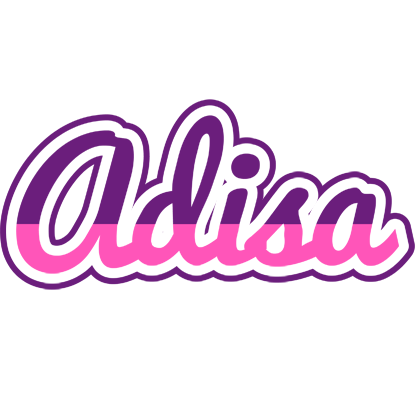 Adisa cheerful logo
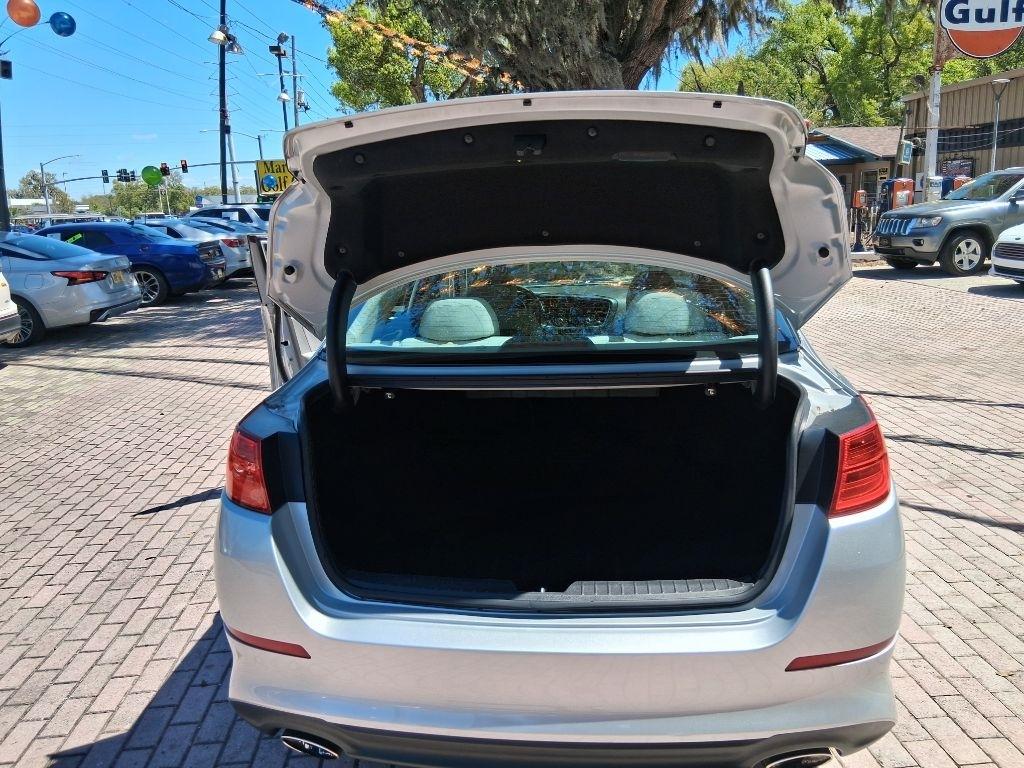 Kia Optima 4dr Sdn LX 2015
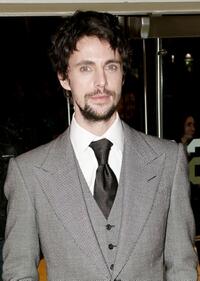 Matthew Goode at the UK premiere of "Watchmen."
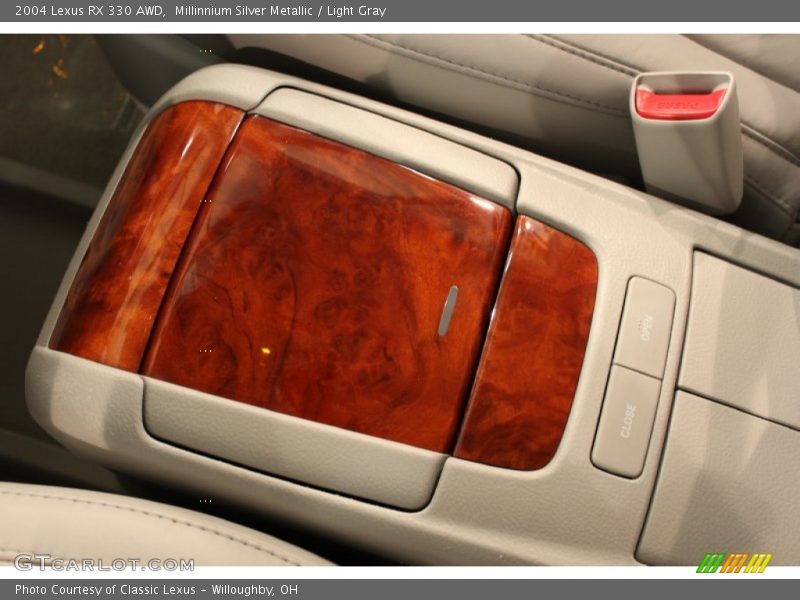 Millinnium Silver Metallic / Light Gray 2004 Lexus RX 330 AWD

* * *

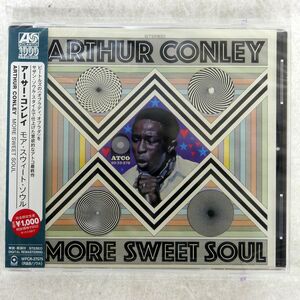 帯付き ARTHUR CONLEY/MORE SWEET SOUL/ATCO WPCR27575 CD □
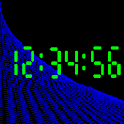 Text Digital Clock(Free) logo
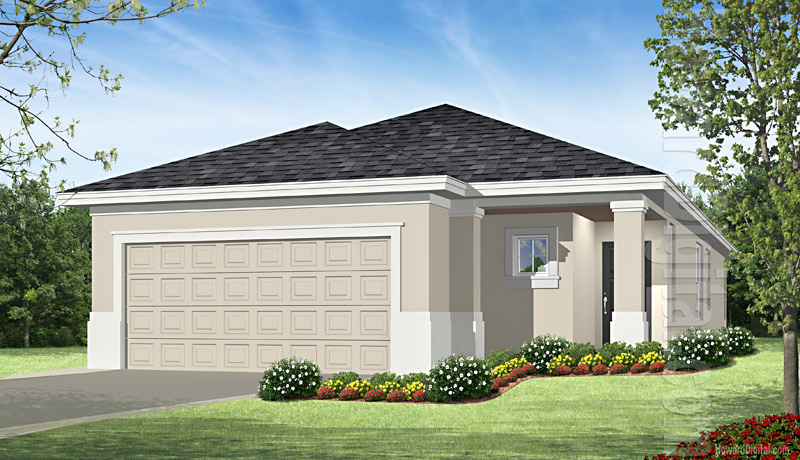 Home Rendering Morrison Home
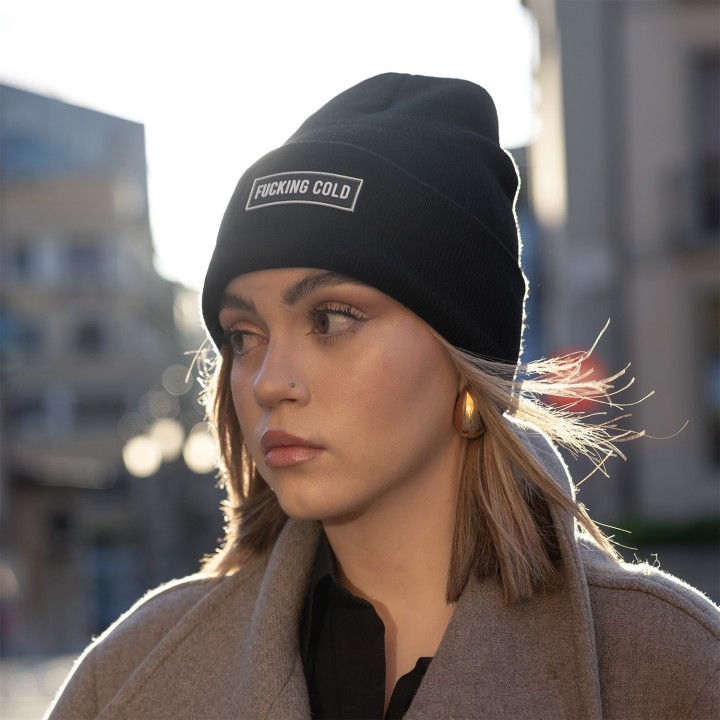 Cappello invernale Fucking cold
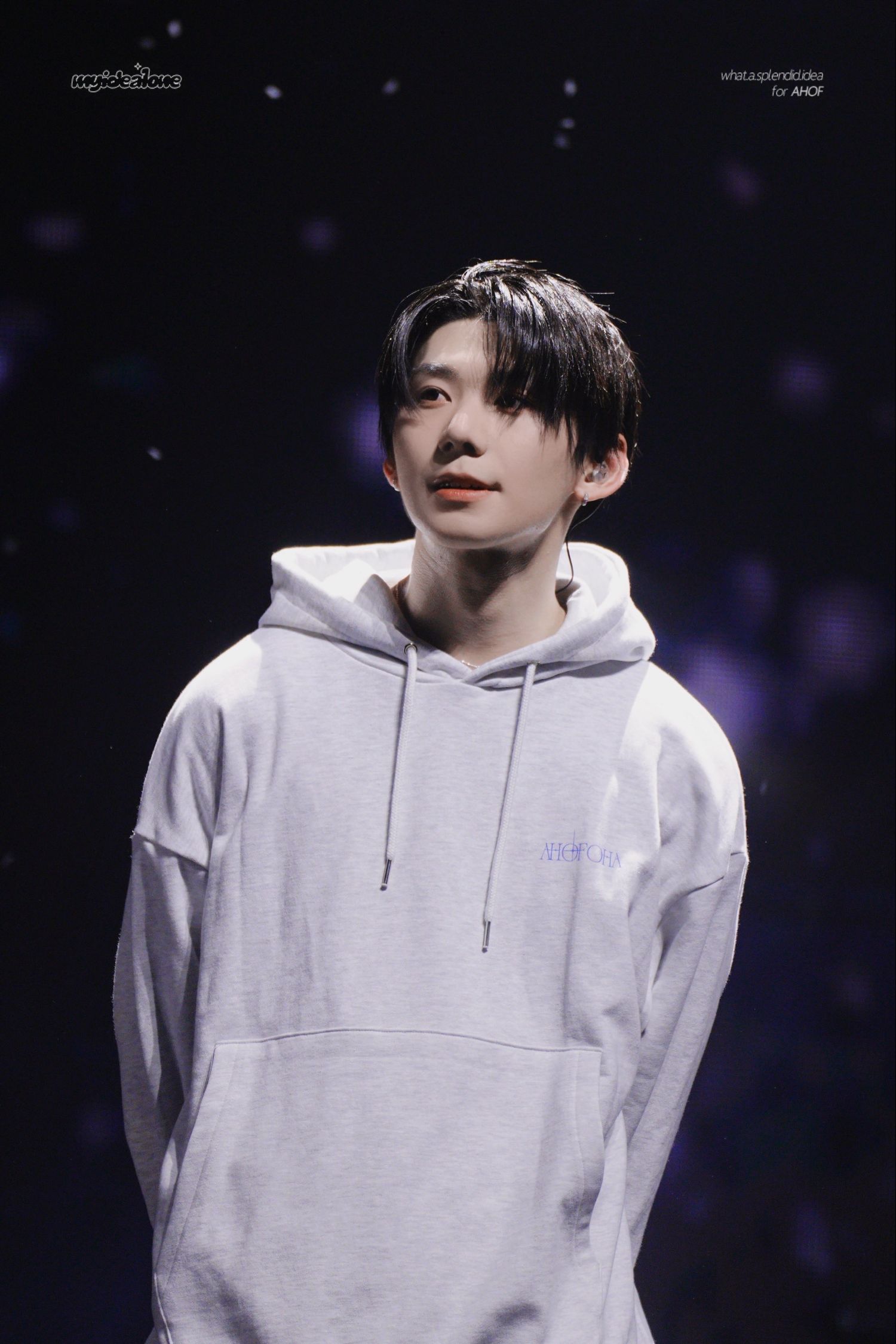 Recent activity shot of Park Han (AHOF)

--

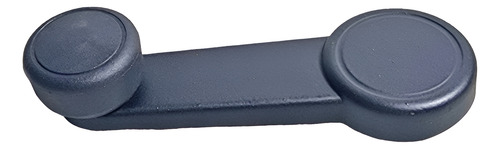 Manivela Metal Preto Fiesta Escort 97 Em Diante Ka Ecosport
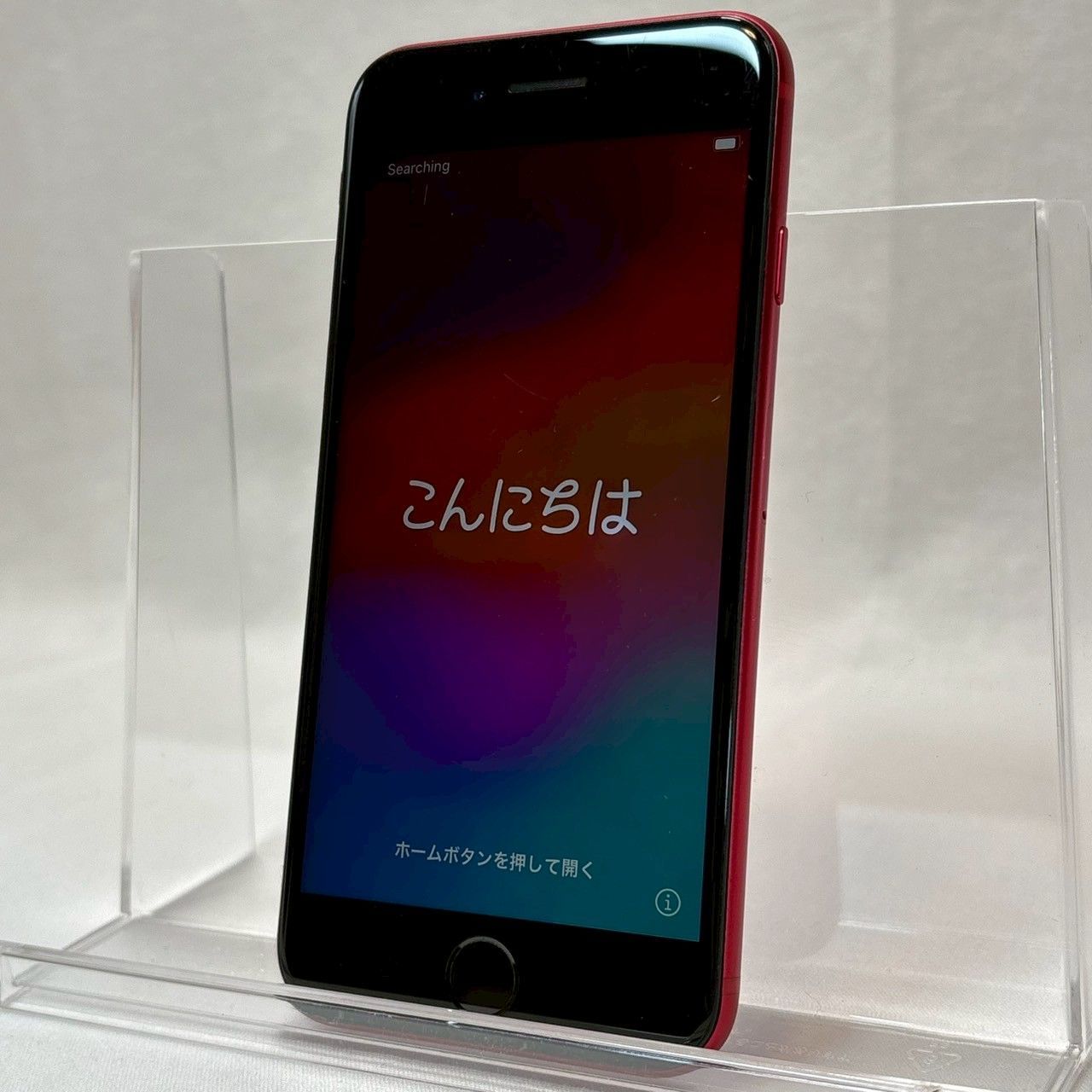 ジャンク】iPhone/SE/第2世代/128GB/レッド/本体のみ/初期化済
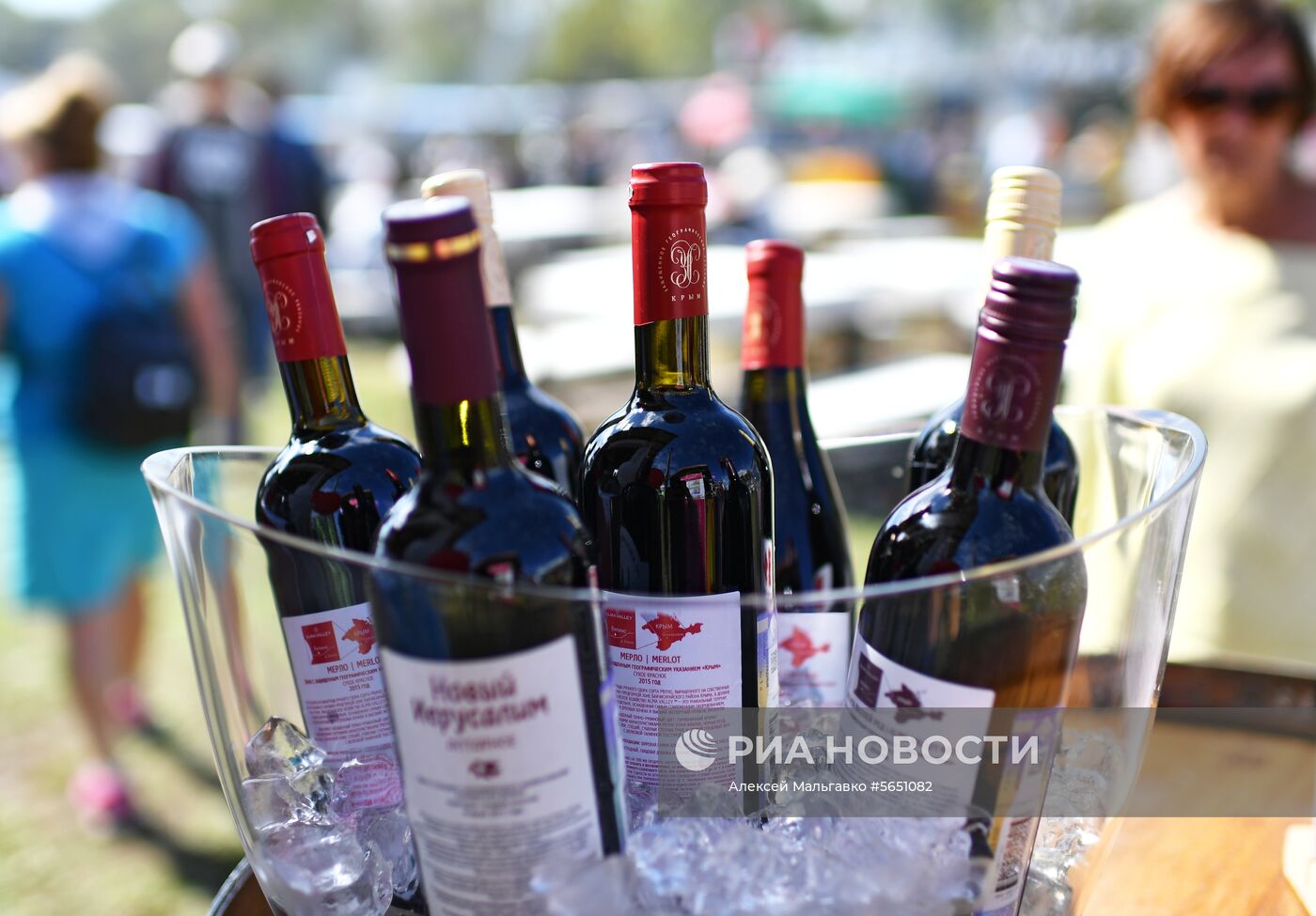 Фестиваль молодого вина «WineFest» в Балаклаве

» **DESCRIPTION OF THE TASK**
Begin at the line in the entries above that has "Adisa cheerful logo", stop after the line that has "Millinnium Silver Metallic", and output exactly those lines without pictures.

» **RESULT OF THIS TASK**
 Adisa cheerful logo
 Kia Optima 4dr Sdn LX 2015
 Matthew Goode at the UK premiere of "Watchmen."
 Millinnium Silver Metallic / Light Gray 2004 Lexus RX 330 AWD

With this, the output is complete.